A possibilidade de aprender com o que está fora dos padrões não se resume a um segmento específico da literatura. Diretora da escola Lourenço Castanho, na capital paulista, a professora Sylvia Figueiredo Gouvêa ficou surpresa quando a neta Tereza, de 8 anos, a procurou para perguntar o significado de “sobrelogo”, palavra inexistente no dicionário e descoberta no livro Fita Verde no Cabelo, de João Guimarães Rosa.
“Ela adorou saber que sobrelogo significava, segundo o autor, ir depressa, mais que logo. E já avisou que vai espalhar a novidade no colégio”, lembra a avó.



Erro relativo


No Lourenço Castanho, os professores são orientados a agir como Sylvia fez com sua neta: investigar cada situação antes de corrigir a colocação feita pelo aluno. “O ensino não pode ficar limitado à gramática”, avalia.
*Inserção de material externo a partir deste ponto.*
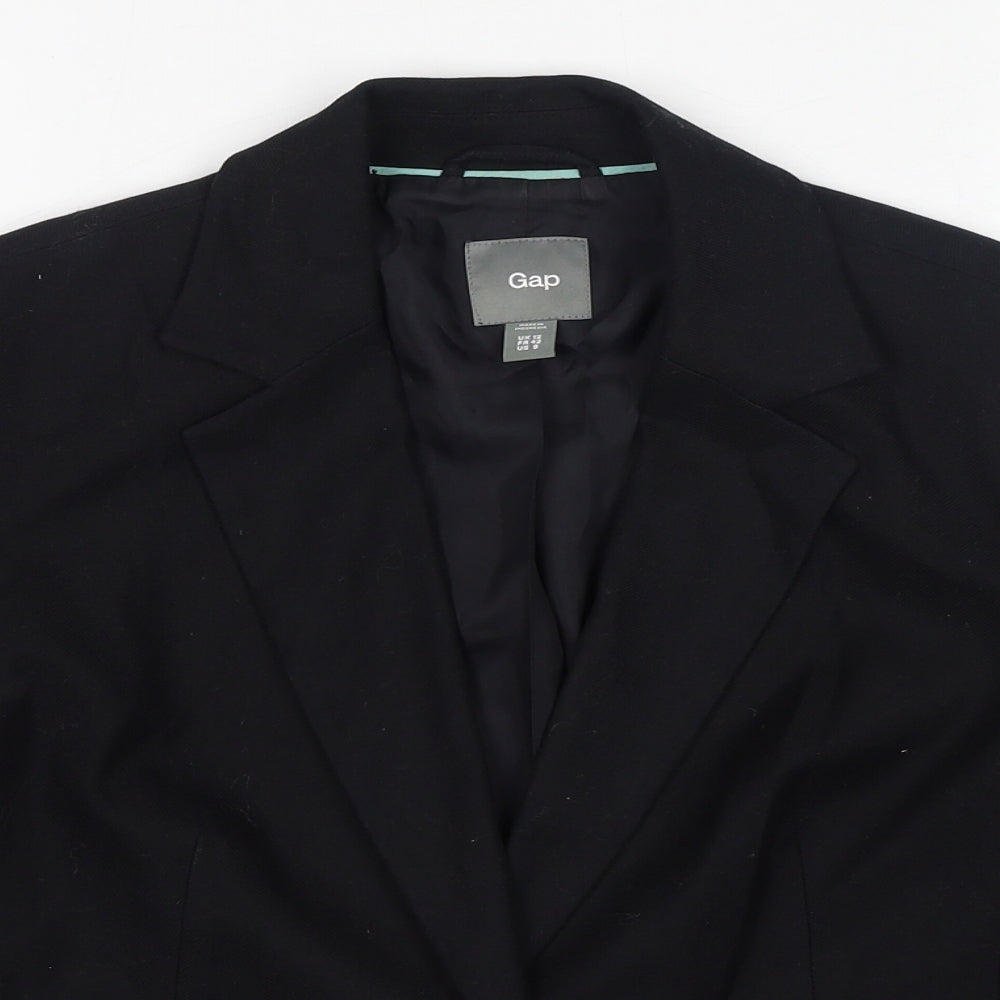 Gap Womens Black Cotton Jacket Blazer Size 12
Nas turmas de alfabetização, principalmente, as hipóteses colocadas pelos pequenos são respeitadas e ampliadas. “Algumas crianças acham que bola se escreve apenas com as letras O e A. O professor deve apoiar a iniciativa da escrita e apresentar a maneira completa de grafar aquele termo”, explica Sylvia.


Debater os erros com a turma é uma das principais mudanças pelas quais passaram as aulas de português. Até há bem pouco tempo, a questão se limitava à correção de exercícios na lousa ou em folhas de papel fadadas ao esquecimento. “Nossas correções são sempre avaliativas, diagnósticas”, ressalta Débora Vaz, diretora pedagógica da Escola Castanheiras, em Santana do Parnaíba (SP).


“A cada problema, o professor discute como aquela frase ou palavra poderia ter sido colocada de um jeito diferente”,afirma Débora. As causas dos equívocos também são levantadas: “É quando o aluno reflete se errou por falta de atenção ou desconhecimento”. Outra tática é a de “olhar para a grama do vizinho”, na qual os estudantes trocam os textos e analisam os conteúdos uns dos outros. “Isso amplia a visão de cada um em relação à escrita e às construções gramaticais”, diz.
 
Para Edison da Cruz Salaki, coordenador pedagógico da Escola Estadual Dr. José Pires de Carvalho e professor de português do Ceta Anglo, ambos em Taquarituba (SP), os erros cometidos pelos alunos são o melhor material para ensinar a língua a partir da noção do que está fora dos padrões.


“Diante disso, o professor tem a indicação exata de onde deve partir e de como pode acrescentar informações novas, levando o estudante a refletir sobre suas concepções e hipóteses de escrita”, explica. Em suas aulas, Salaki faz sucesso com atividades como a leitura, em voz alta, de uma história. Qualquer uma, de preferência conhecida. “O importante é envolver todo mundo e permitir que os alunos interfiram e até antecipem alguns pontos”, conta. Ao final, os ouvintes participantes reproduzem de memória, em grupo, o texto todo. Depois, cada equipe apresenta o seu trabalho, o que dá início ao debate sobre eventuais deslizes. “A cada história, novas lições eram assimiladas, como num ciclo”, ensina.



Errar é aprender


O aprendizado a partir dos erros também é uma boa oportunidade de mostrar que a língua é um fenômeno vivo. E que por isso está em constante mudança. “O foco deve ser mostrar variações em relação à norma culta, com cuidado para não ser purista”, avalia Neusa Bastos, professora de Letras da PUC SP e da Universidade Presbiteriana Mackenzie. “As crianças precisam entender que muitas vezes falamos e escrevemos de formas que não seguem os padrões da gramática”, observa Neusa.


Nesse sentido, o Lourenço Castanho inclui a discussão dos regionalismos em suas aulas de português. “Explicamos que falar porta com o R acentuado, como fazem as pessoas do interior, não é um equívoco, mas um jeito próprio de se expressar”, afirma Sylvia Figueiredo Gouvêa. “Queremos que os alunos aprendam a gostar da língua portuguesa em toda a sua diversidade”, diz. Com lições tão divertidas quanto as citadas nessa reportagem, não será difícil atingir o objetivo.